1. Provide Something Of Value To The Reader: Your e-newsletter must contain information your target audience will like to read. Some ideas are:
- Alert your audience to problems/solutions, scams, and/or safety hazards.
- Educate readers with important how-to articles.
- Give the reader a chance to win something from you.
- Hot industry news, trends, mergers, etc. in your market.
2. Create An Engaging Subject Line: More than anything else, your newsletter’s subject line will determine whether it gets deleted, saved, or forwarded. Some examples:
- 3 Tips To Help Close 50% More Sales Leads
- 5 Crazy Things People Are Doing With Our Product
- Prevent Cyber Attacks: 3 Things YOUR Business Needs To Do TODAY
- How To Do A $49 Oil Change For Only $19
- This Employee Lawsuit SHOULD Change The Way You Do Business
If you are having doubts about what to use for a subject line, run an A/B test on your top two subject lines.
3. Get It Professional Designed: If you want to give people a better brand experience, consider having your newsletter professionally designed. Remember, a newsletter design is a one-time cost since you can use it again by “copying it.”
4. Your Frequency: Weekly, bi-weekly, or monthly is the ideal frequency for a newsletter (we recommend a bi-weekly frequency).
5. Send Time: I recommend a two-step approach to sending an e-newsletter:
- Step 1: Send your newsletter on a Tuesday @ 8:30 AM.

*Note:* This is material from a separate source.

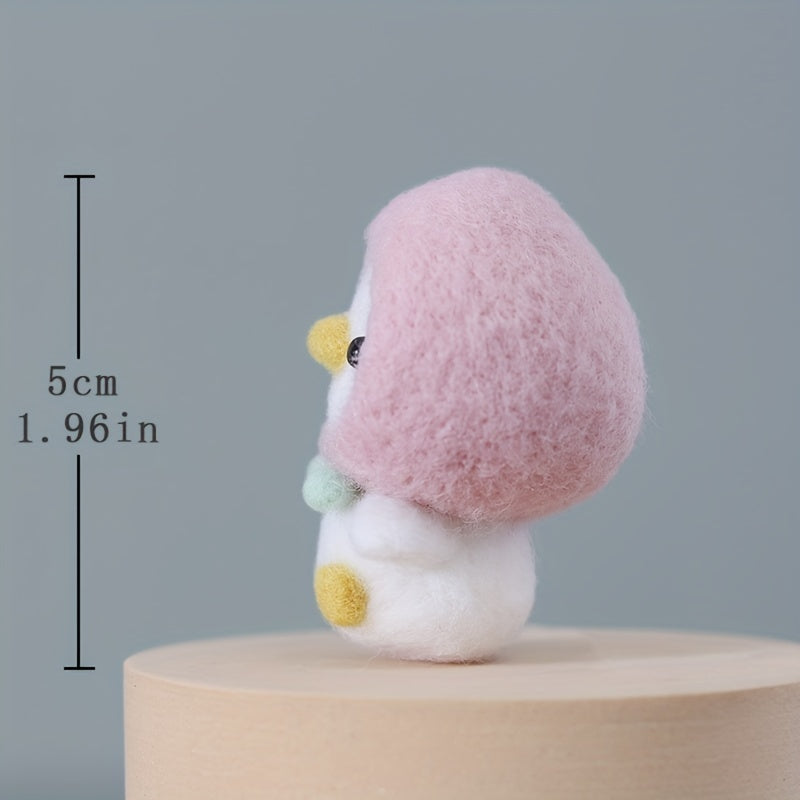 Chicken Wool Felt Doll Kit for Beginners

- Step 2: On Thursday night or Friday morning, make a list of the e-mail addresses that “did not open” Tuesday’s e-mail. After this list is created, resend Tuesday's e-mail to this list Friday @ 8:30 AM.
IMPORTANT: I have found Mondays are notoriously the worse day to send a mass e-mail campaign; therefore, avoid this day altogether.
6. Avoid Writing A Wall Of Text: A reader should be able to “scan” your newsletter. That said, use headlines, sub-headlines, bullet points, and short and snappy sentences. If you need more room to tell a story, give a reader a “Read More” hyperlink to a landing page.
7. Use This 6-Step Proofing Process: My company’s six-step review process is:
- Write 100% of your content in Word.
- Run your content through Word AND Grammarly.
- Cut and print the copy into your e-newsletter.
- Print the campaign for proofing (have multiple people proof it).
- Make the necessary changes from step four.
- After step five, wait an hour or two and then reproof it.